◆ **Input data**
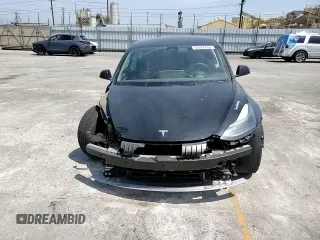 2023 Tesla Model 3 z VIN 5YJ3E1EA7PF549051, wystawiony jako Copart lot #58932765 z przebiegiem 8 800 mil mil oraz Szkoda całkowita • Salvage title. Historia ofert i sprzedaży dostępna na DreamBid. Obrazek 13.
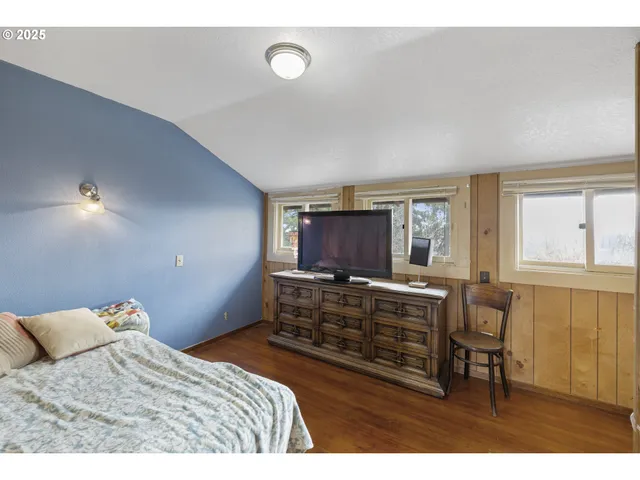 a bedroom with a bed and furniture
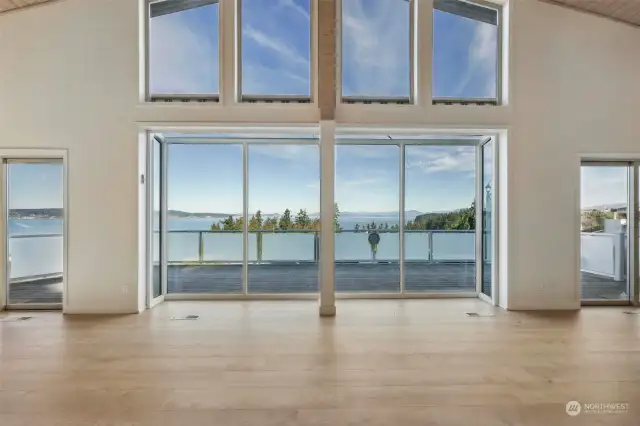 Vaulted ceilings and the windows bring in the natural light and allows you to enjoy the incredible view.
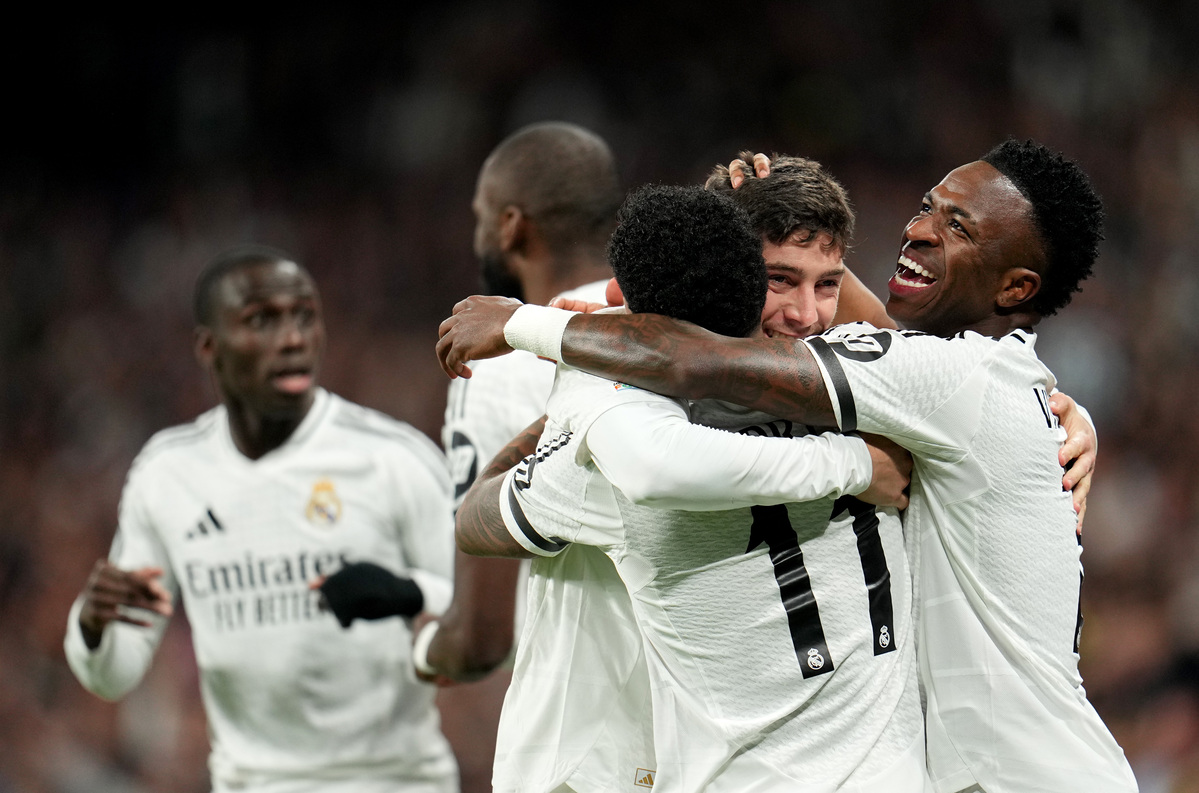 MADRID, SPAIN - MARCH 04: Rodrygo of Real Madrid celebrates scoring his team's first goal with teammates Vinicius Junior and Federico Valverde during the UEFA Champions League 2024/25 Round of 16 first leg match between Real Madrid C.F. and Atletico de Madrid at Santiago Bernabeu Stadium on March 04, 2025 in Madrid, Spain. (Photo by Aitor Alcalde/Getty Images) MADRID, SPAIN - MARCH 04: Rodrygo of Real Madrid celebrates scoring his team's first goal with teammates Vinicius Junior and Federico Valverde during the UEFA Champions League 2024/25 Round of 16 first leg match between Real Madrid C.F. and Atletico de Madrid at Santiago Bernabeu Stadium on March 04, 2025 in Madrid, Spain. (Photo by Aitor Alcalde/Getty Images)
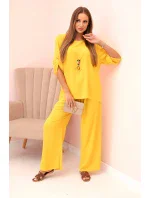 Dámska súprava s blúzkou s náhrdelníkom a širokými nohavicami žltá Dámska súprava s blúzkou s náhrdelníkom a širokými nohavicami žltá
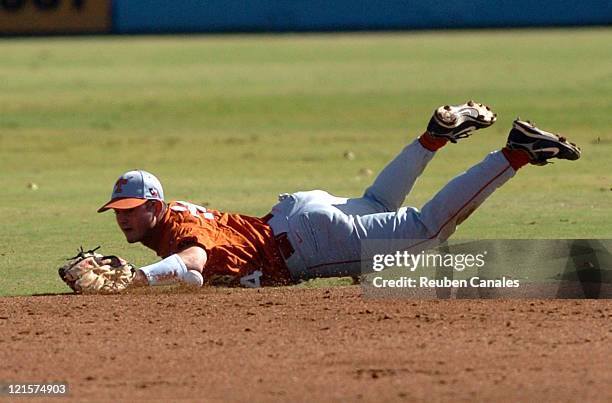 Second baseman Travis Tucker of the University of Texas Longhorns misses the ball after a dive in a 2 to 1 win over the Long Beach State Dirtbags on...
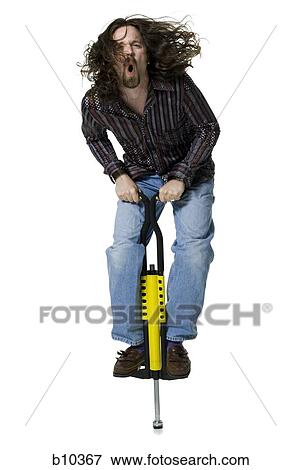 Portrait of a young man standing on a pogo stick View Large Photo Image Stock Photo - Portrait of a young man standing on a pogo stick. Fotosearch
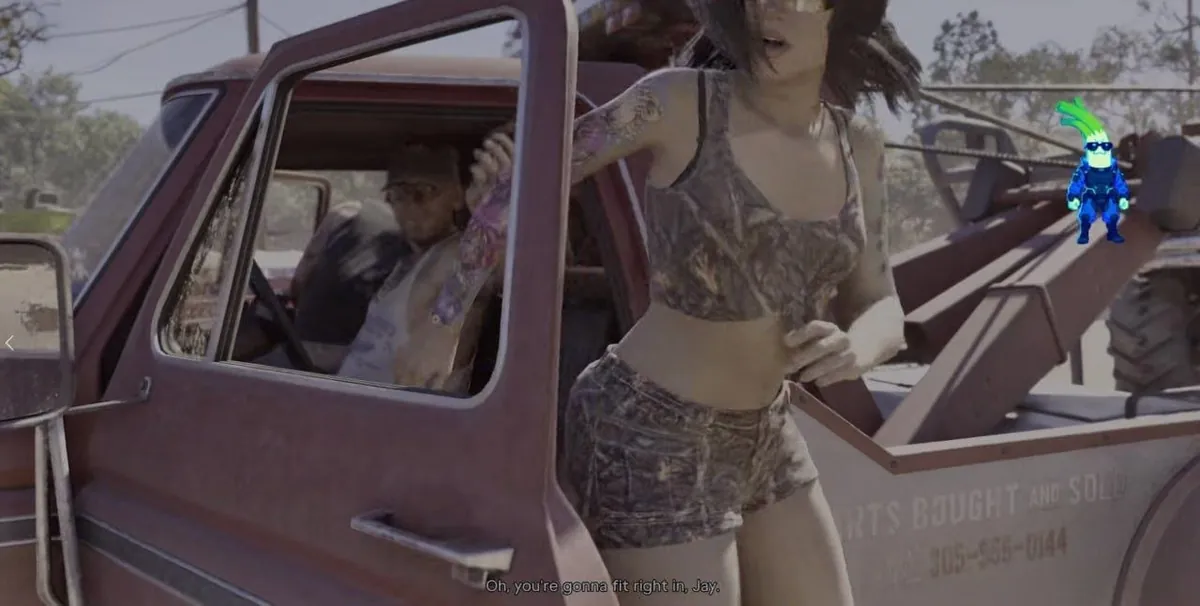 Cinématique : une femme tatouée en haut et short camouflage descend d'une dépanneuse, un homme au volant ; sous-titre « Oh, you're gonna fit right in, Jay. »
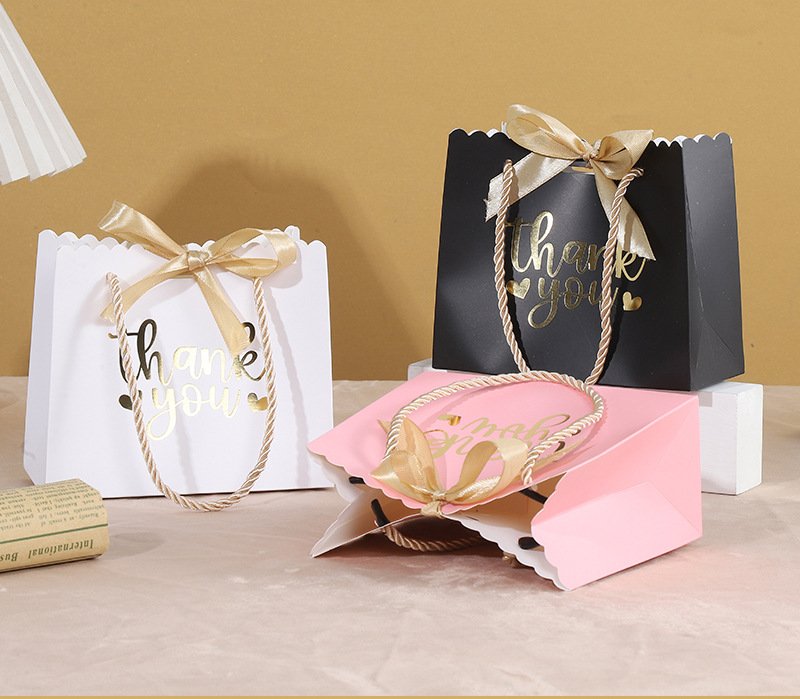 Bow-Decorated Paper Gift Bag for Favors and Candy detail image 5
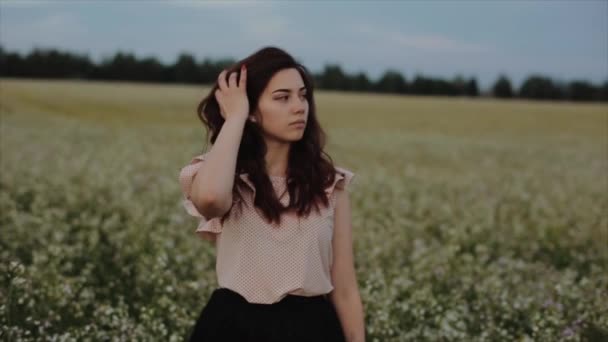 Mooie jonge zorgeloze meisje met lang krullend haar over bloem tarwe veld landschap achtergrond. De zonsondergang zon schijnt van achteren in het haar. Aantreive brunette genieten en ademen zonsondergang — Stockvideo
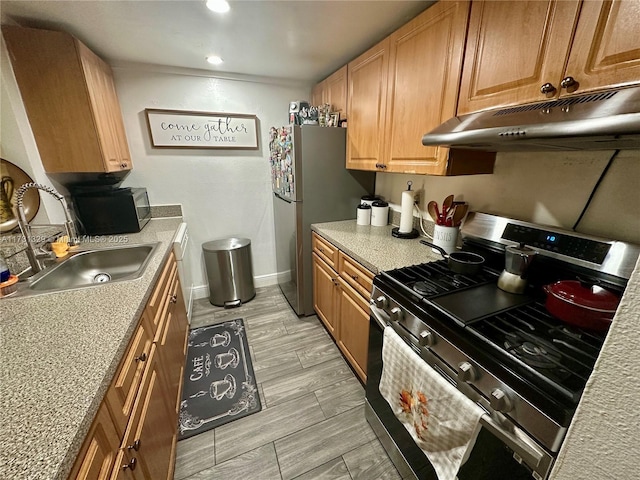 kitchen featuring stainless steel appliances, light stone countertops, and sink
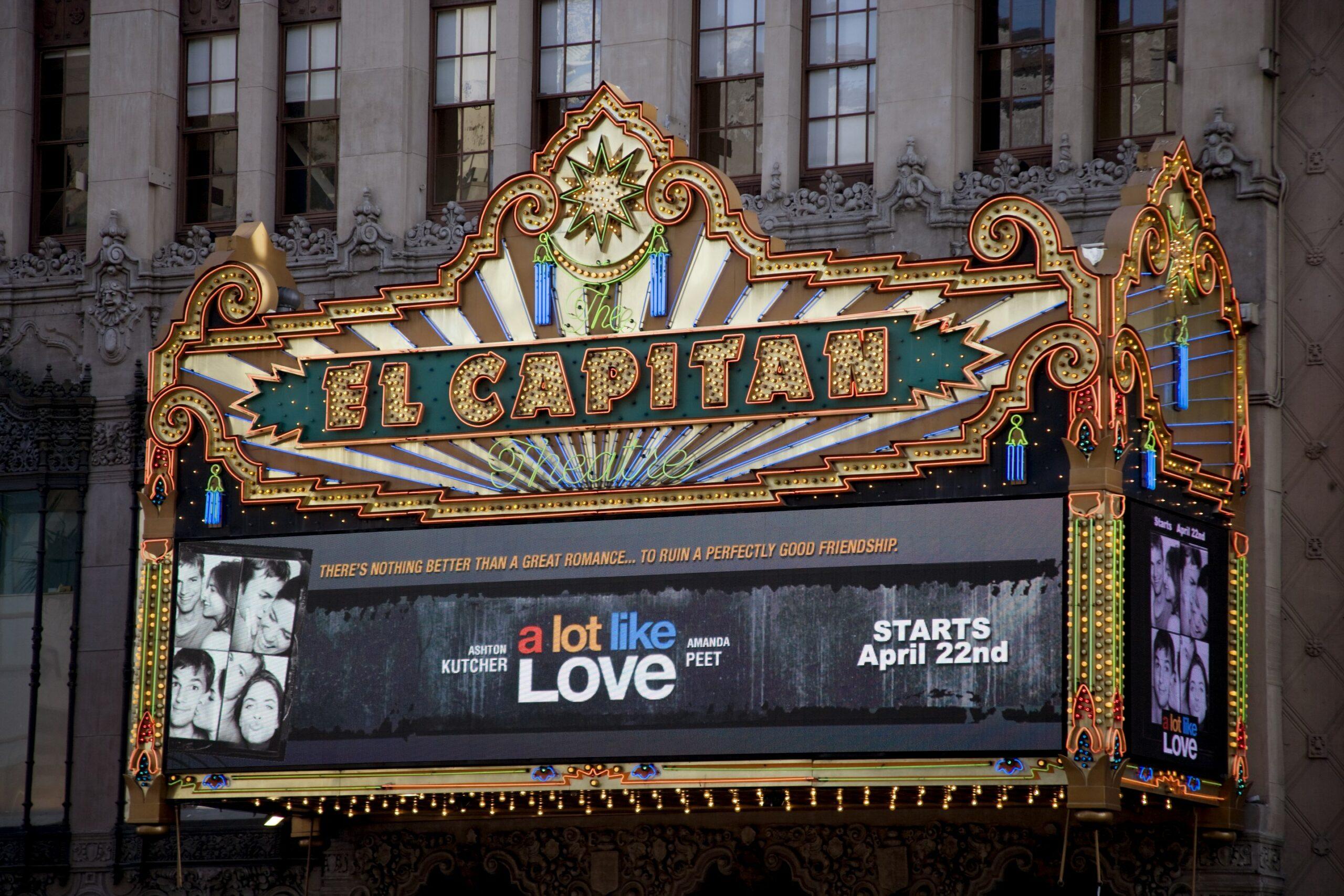El Capitan Theatre Marque. When the theater opened in 1926 as "Hollywood's First Home of Spoken Drama," it featured a Spanish colonial exterior designed by Stiles O. Clements of the architectural firm of Morgan, Walls and Clements, and a lavish East Indian interior by theatre designer G. Albert Lansburgh. For a decade it presented live plays, with over 120 productions by 1936. By the late 1930s, the El Capitan felt the economic effects of the Depression, showcasing fewer and fewer productions.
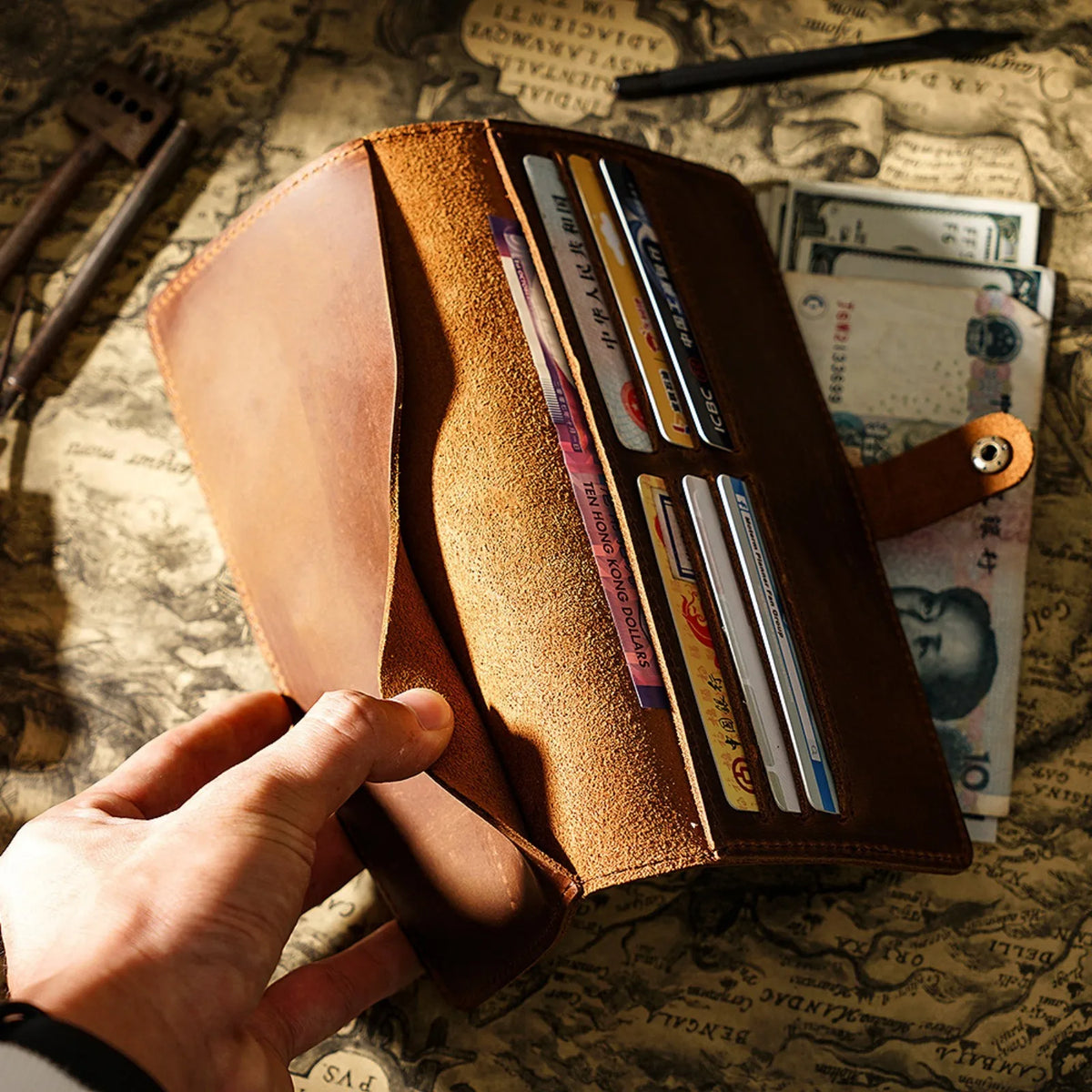 A hand holds an open genuine leather long bi-fold wallet displaying various cards and cash inside.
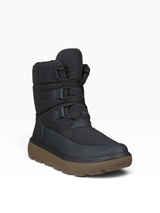 A black mid-calf winter boot with a thick brown lug sole, featuring hook-and-loop strap closures on the side, shown against a plain white background.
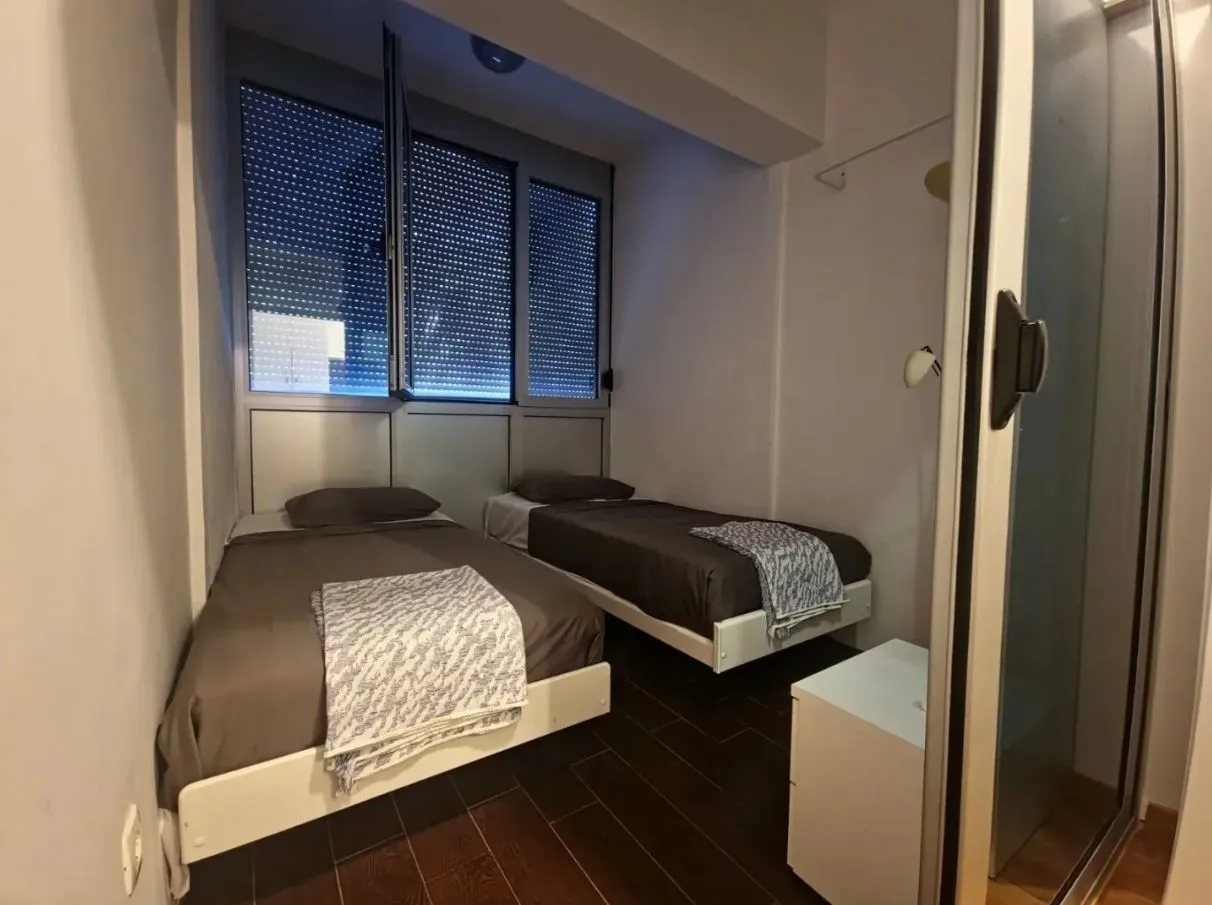 Manja spavaća soba sa dva singl kreveta i tamnim parketom.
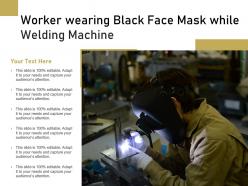 Worker wearing black face mask while welding machine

◆ **What to produce**
Quote every record above exactly, leaving out the pictures.

◆ **Solved problem**
 2023 Tesla Model 3 z VIN 5YJ3E1EA7PF549051, wystawiony jako Copart lot #58932765 z przebiegiem 8 800 mil mil oraz Szkoda całkowita • Salvage title. Historia ofert i sprzedaży dostępna na DreamBid. Obrazek 13.
 a bedroom with a bed and furniture
 Vaulted ceilings and the windows bring in the natural light and allows you to enjoy the incredible view.
 MADRID, SPAIN - MARCH 04: Rodrygo of Real Madrid celebrates scoring his team's first goal with teammates Vinicius Junior and Federico Valverde during the UEFA Champions League 2024/25 Round of 16 first leg match between Real Madrid C.F. and Atletico de Madrid at Santiago Bernabeu Stadium on March 04, 2025 in Madrid, Spain. (Photo by Aitor Alcalde/Getty Images) MADRID, SPAIN - MARCH 04: Rodrygo of Real Madrid celebrates scoring his team's first goal with teammates Vinicius Junior and Federico Valverde during the UEFA Champions League 2024/25 Round of 16 first leg match between Real Madrid C.F. and Atletico de Madrid at Santiago Bernabeu Stadium on March 04, 2025 in Madrid, Spain. (Photo by Aitor Alcalde/Getty Images)
 Dámska súprava s blúzkou s náhrdelníkom a širokými nohavicami žltá Dámska súprava s blúzkou s náhrdelníkom a širokými nohavicami žltá
 Second baseman Travis Tucker of the University of Texas Longhorns misses the ball after a dive in a 2 to 1 win over the Long Beach State Dirtbags on...
 Portrait of a young man standing on a pogo stick View Large Photo Image Stock Photo - Portrait of a young man standing on a pogo stick. Fotosearch
 Cinématique : une femme tatouée en haut et short camouflage descend d'une dépanneuse, un homme au volant ; sous-titre « Oh, you're gonna fit right in, Jay. »
 Bow-Decorated Paper Gift Bag for Favors and Candy detail image 5
 Mooie jonge zorgeloze meisje met lang krullend haar over bloem tarwe veld landschap achtergrond. De zonsondergang zon schijnt van achteren in het haar. Aantreive brunette genieten en ademen zonsondergang — Stockvideo
 kitchen featuring stainless steel appliances, light stone countertops, and sink
El Capitan Theatre Marque. When the theater opened in 1926 as "Hollywood's First Home of Spoken Drama," it featured a Spanish colonial exterior designed by Stiles O. Clements of the architectural firm of Morgan, Walls and Clements, and a lavish East Indian interior by theatre designer G. Albert Lansburgh. For a decade it presented live plays, with over 120 productions by 1936. By the late 1930s, the El Capitan felt the economic effects of the Depression, showcasing fewer and fewer productions.
 A hand holds an open genuine leather long bi-fold wallet displaying various cards and cash inside.
 A black mid-calf winter boot with a thick brown lug sole, featuring hook-and-loop strap closures on the side, shown against a plain white background.
 Manja spavaća soba sa dva singl kreveta i tamnim parketom.
 Worker wearing black face mask while welding machine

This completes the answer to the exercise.